Sen. John Cornyn (R-TX) has aggressively sought to protect taxpayer funds misspent or wasted on the state Obamacare exchanges and a recent letter from the Department of Health and Human Services (HHS) responding to a congressional inquiry shows why Cornyn’s efforts are so needed.
The state Obamacare exchanges have been a cesspool of waste, fraud and abuse. Of the 37 states that received $2.1 billion in grants to establish an exchange, only 17 did so, and they got an additional $2.7 billion from the feds. In Oregon, then Gov.
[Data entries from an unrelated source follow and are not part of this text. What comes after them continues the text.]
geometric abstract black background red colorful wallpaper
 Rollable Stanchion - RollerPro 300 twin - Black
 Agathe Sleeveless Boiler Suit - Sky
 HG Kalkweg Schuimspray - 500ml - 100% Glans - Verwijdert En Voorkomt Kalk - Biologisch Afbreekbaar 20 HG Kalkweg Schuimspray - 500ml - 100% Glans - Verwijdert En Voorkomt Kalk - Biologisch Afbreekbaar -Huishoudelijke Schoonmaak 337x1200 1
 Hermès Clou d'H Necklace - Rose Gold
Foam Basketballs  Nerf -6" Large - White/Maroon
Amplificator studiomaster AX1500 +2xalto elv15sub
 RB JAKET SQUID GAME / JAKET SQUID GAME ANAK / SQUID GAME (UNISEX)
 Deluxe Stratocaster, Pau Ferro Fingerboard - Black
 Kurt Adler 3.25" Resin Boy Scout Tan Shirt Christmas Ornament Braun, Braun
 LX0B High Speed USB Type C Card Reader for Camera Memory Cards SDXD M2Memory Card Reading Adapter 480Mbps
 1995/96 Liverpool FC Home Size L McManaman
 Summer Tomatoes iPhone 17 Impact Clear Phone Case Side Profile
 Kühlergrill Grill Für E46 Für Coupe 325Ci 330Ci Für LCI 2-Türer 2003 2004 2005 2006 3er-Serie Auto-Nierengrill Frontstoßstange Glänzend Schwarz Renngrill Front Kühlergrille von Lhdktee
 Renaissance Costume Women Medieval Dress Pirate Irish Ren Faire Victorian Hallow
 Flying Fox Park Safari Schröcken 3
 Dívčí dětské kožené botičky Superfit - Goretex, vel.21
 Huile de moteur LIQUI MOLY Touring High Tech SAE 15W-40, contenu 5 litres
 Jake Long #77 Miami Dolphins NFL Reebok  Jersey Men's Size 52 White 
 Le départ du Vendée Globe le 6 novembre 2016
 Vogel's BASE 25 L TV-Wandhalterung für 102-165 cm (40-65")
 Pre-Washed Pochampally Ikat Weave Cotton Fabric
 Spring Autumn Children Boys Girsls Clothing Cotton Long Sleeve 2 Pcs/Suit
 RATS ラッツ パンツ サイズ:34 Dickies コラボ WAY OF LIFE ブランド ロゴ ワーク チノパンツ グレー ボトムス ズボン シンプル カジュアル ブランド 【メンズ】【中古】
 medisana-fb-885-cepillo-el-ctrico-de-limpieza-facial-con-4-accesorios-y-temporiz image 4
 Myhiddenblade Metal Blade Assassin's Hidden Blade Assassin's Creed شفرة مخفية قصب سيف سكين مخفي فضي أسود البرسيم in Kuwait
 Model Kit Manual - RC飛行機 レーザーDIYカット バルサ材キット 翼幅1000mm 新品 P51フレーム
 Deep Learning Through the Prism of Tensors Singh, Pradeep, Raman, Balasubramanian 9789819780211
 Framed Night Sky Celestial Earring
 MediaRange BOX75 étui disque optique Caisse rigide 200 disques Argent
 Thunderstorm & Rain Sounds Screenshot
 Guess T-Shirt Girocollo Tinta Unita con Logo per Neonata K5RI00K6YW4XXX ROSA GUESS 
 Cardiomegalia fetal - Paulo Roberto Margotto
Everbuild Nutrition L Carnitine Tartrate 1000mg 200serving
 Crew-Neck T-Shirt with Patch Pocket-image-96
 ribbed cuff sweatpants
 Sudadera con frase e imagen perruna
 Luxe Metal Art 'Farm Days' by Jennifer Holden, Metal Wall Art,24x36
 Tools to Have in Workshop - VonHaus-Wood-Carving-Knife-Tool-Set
John Kitzhaber (D) used millions in Obamacare exchange funds as a personal “Super PAC” to ensure his re-election campaign. HHS Inspector General Daniel Gevinson found that Washington State’s exchanges spending federal grant money on printing, postage and bank fees.
Now, thanks to Cornyn’s efforts we have discovered that the Obamacare exchange in Arkansas has improperly spent one million in federal funds. Andrew Slavitt, the Acting Administrator of the Centers for Medicare and Medicaid Services (CMS), wrote, “as part of CMS’s routine federal oversight of (exchanges), CMS found that the Arkansas SBM spent approximately $1 million of the state’s federal grant funding for activities that are not allowed under regulations.”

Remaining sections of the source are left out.